*WHAT IS EXPECTED*: Exactly the lines from the one containing "24-3096211 Pro-Wheel Wheel" through the one containing "for sale m228132" in the listing below are to be copied, with the pictures left out.

*DATA EXCERPTS*:
------------

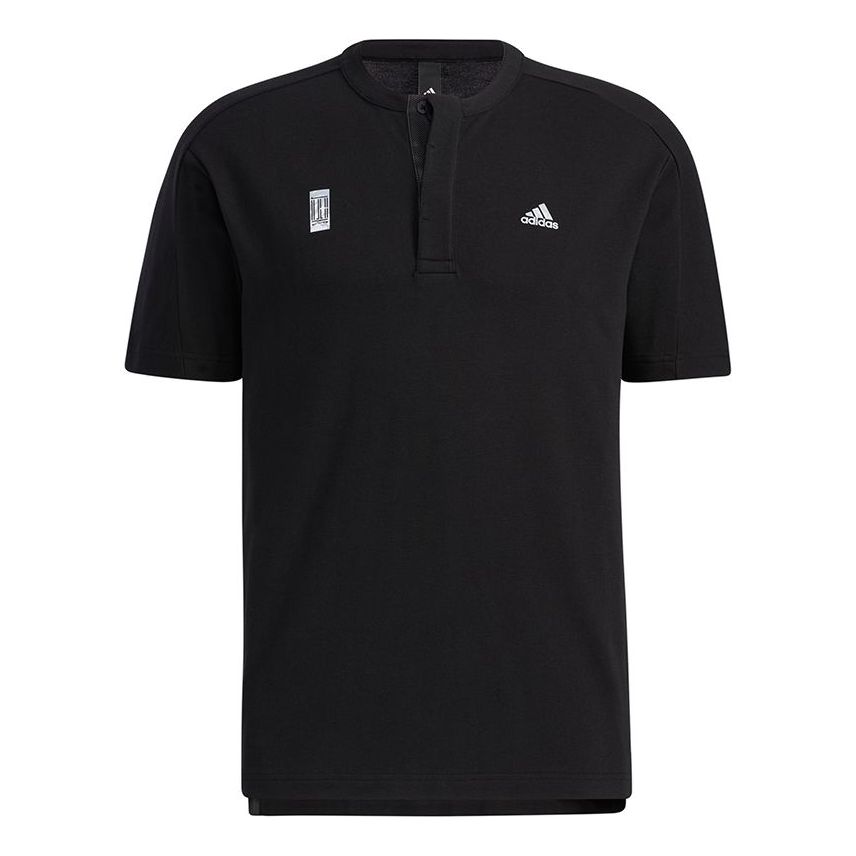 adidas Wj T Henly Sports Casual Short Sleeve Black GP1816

------------

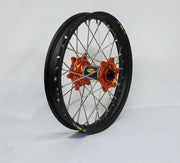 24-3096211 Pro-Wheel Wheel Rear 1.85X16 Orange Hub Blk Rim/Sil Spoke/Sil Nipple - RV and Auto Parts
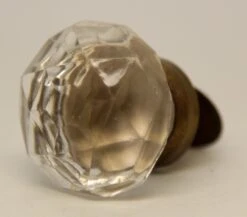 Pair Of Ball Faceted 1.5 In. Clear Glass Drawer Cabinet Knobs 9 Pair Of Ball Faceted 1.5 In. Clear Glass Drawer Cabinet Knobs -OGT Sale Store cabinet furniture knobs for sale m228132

------------

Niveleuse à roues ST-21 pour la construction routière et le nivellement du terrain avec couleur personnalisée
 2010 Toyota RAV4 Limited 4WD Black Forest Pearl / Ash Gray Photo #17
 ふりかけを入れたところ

------------

*WRITTEN RESPONSE*:
 24-3096211 Pro-Wheel Wheel Rear 1.85X16 Orange Hub Blk Rim/Sil Spoke/Sil Nipple - RV and Auto Parts
 Pair Of Ball Faceted 1.5 In. Clear Glass Drawer Cabinet Knobs 9 Pair Of Ball Faceted 1.5 In. Clear Glass Drawer Cabinet Knobs -OGT Sale Store cabinet furniture knobs for sale m228132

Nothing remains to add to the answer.